If any record holds an image, omit the image and print the rest exactly.

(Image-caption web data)
◇ ◇ ◇
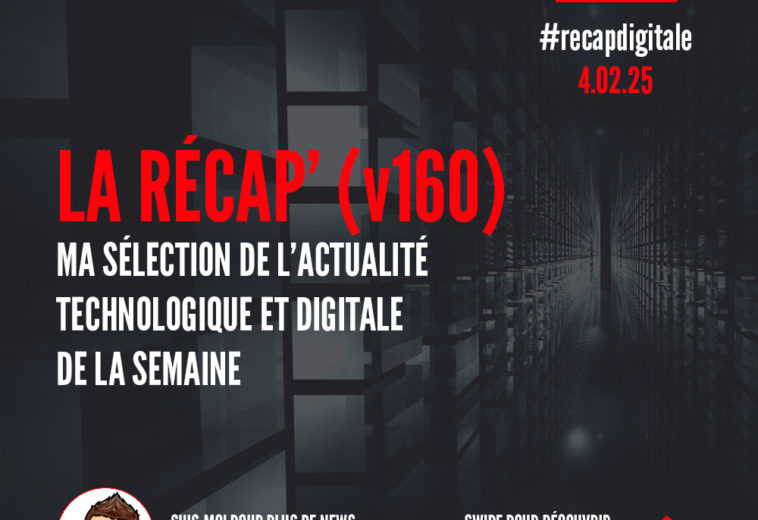 La Récap’ Digitale (v160) – Ma sélection de l’actualité numérique et technologique du 4 février 2025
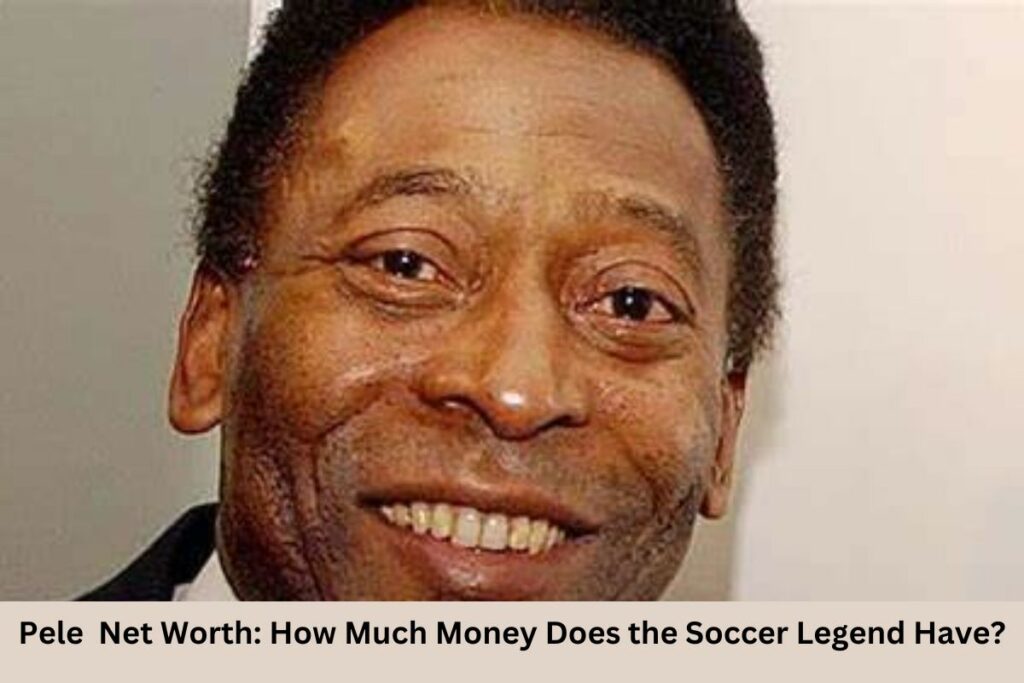 Pele Net Worth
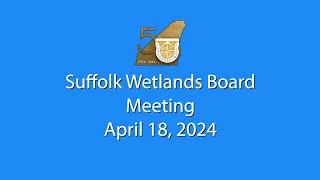 Suffolk Wetlands Board Meeting (4-18-24)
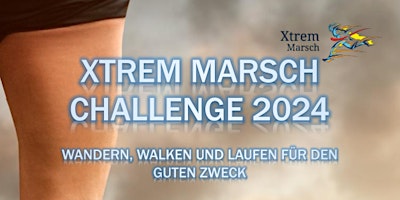 Imagem principal de Xtrem Marsch Challenge 2024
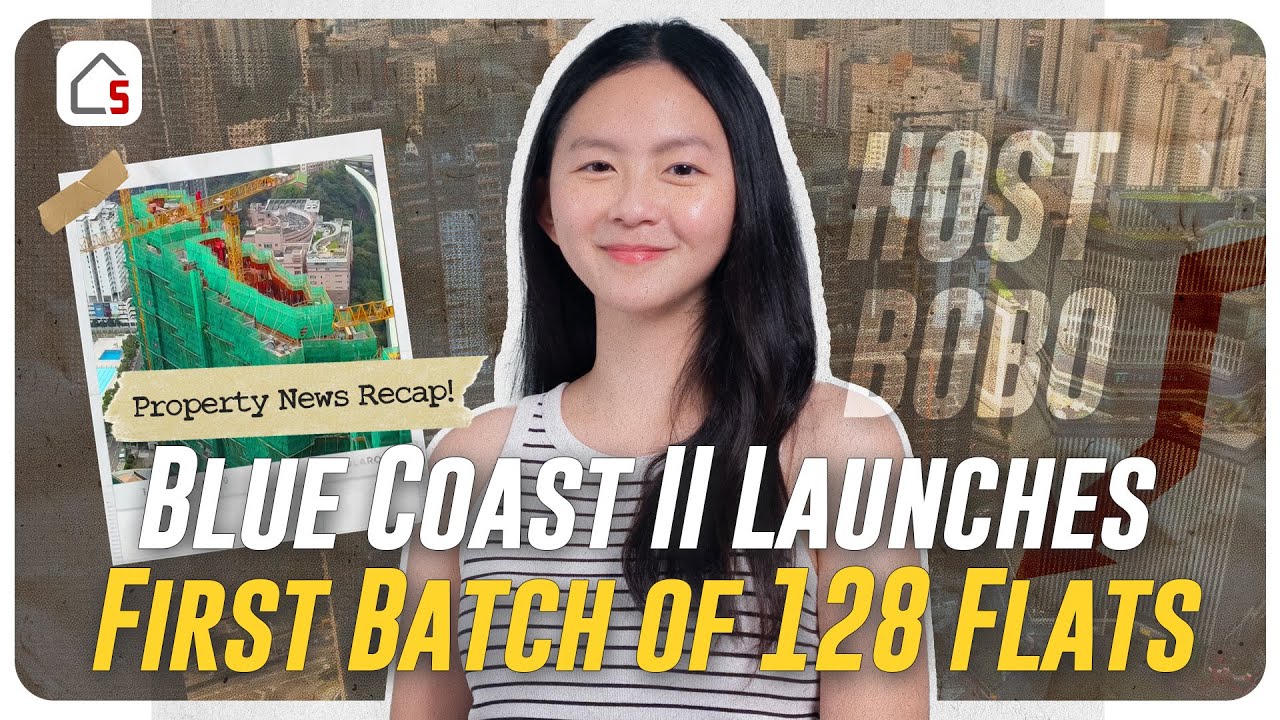 Blue Coast II Launches First Batch of 128 Flats | HK Weekend Property Market Recap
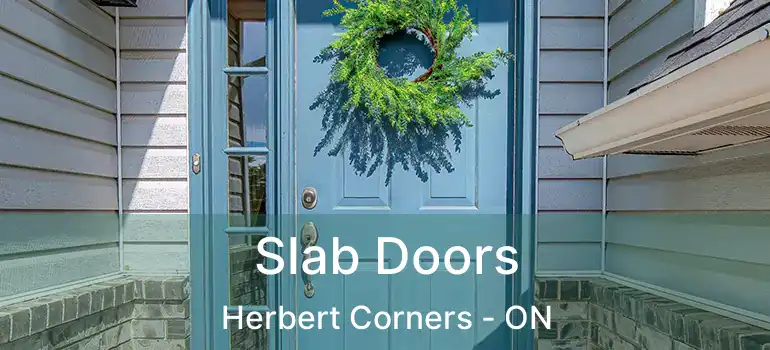  Slab Doors Herbert Corners - ON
◇ ◇ ◇
▶ **Task result**:
 La Récap’ Digitale (v160) – Ma sélection de l’actualité numérique et technologique du 4 février 2025
 Pele Net Worth
 Suffolk Wetlands Board Meeting (4-18-24)
 Imagem principal de Xtrem Marsch Challenge 2024
 Blue Coast II Launches First Batch of 128 Flats | HK Weekend Property Market Recap
  Slab Doors Herbert Corners - ON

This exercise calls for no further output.